Your answer must be the full listing, reproduced exactly, minus any pictures.

[[ DATA BELOW open ]]

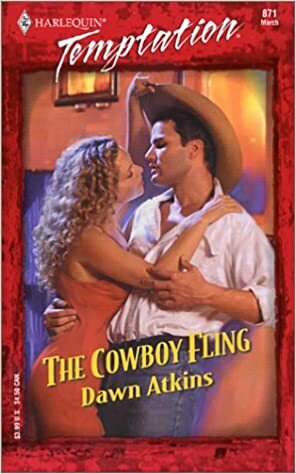 The Cowboy Fling by Dawn Atkins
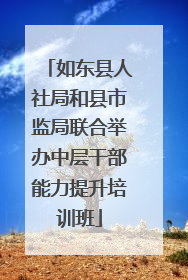 如东县人社局和县市监局联合举办中层干部能力提升培训班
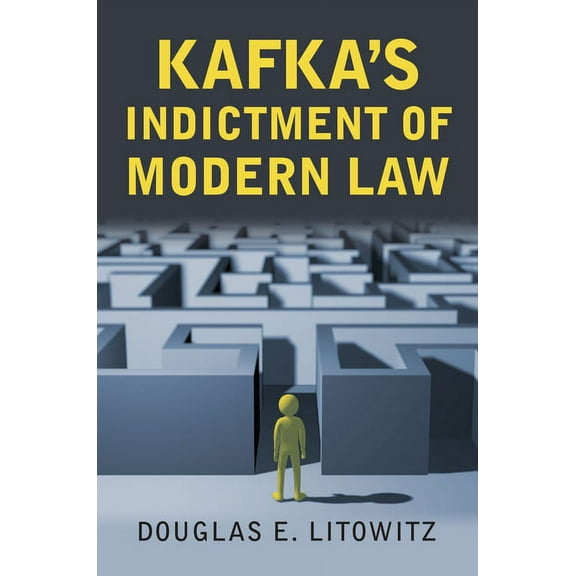 Kafka's Indictment of Modern Law, (Hardcover)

[[ DATA BELOW closed ]]

OUTPUT BELOW:
 The Cowboy Fling by Dawn Atkins
 如东县人社局和县市监局联合举办中层干部能力提升培训班
 Kafka's Indictment of Modern Law, (Hardcover)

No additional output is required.